**** DATA SUPPLIED ****
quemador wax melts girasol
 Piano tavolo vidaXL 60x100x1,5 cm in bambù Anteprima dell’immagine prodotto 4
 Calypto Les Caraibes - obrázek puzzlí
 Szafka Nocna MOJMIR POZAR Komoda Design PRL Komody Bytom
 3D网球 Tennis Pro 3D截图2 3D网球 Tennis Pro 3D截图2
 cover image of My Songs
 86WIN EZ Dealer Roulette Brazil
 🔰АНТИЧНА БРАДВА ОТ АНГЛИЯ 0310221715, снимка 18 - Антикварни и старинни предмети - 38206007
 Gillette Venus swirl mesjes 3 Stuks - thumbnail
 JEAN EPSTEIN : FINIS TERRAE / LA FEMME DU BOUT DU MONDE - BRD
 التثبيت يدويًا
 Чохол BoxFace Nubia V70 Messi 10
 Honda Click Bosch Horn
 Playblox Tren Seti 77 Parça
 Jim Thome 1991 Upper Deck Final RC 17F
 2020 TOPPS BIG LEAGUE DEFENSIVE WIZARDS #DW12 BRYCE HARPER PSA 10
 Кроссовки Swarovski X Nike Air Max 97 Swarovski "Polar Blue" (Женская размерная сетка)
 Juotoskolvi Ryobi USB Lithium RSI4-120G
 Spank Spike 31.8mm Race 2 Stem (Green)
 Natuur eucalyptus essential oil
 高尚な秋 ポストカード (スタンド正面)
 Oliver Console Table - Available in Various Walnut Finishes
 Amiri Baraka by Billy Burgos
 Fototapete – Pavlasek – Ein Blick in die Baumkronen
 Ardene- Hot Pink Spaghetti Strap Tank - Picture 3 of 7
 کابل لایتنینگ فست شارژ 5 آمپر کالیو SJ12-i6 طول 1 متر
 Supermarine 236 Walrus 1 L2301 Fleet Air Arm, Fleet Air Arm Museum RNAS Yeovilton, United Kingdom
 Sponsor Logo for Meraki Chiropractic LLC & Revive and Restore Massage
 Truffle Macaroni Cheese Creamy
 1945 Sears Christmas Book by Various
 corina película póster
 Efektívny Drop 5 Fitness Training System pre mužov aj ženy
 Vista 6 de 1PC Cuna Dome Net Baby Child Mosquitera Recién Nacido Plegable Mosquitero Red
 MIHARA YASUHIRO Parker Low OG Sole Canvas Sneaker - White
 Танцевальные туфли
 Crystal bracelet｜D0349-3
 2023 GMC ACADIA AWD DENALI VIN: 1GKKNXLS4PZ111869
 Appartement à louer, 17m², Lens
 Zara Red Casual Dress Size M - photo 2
****
WORK ITEM:
Look through the records above for the string "Various", then copy every line that has it.

RESULT:
 Oliver Console Table - Available in Various Walnut Finishes
 1945 Sears Christmas Book by Various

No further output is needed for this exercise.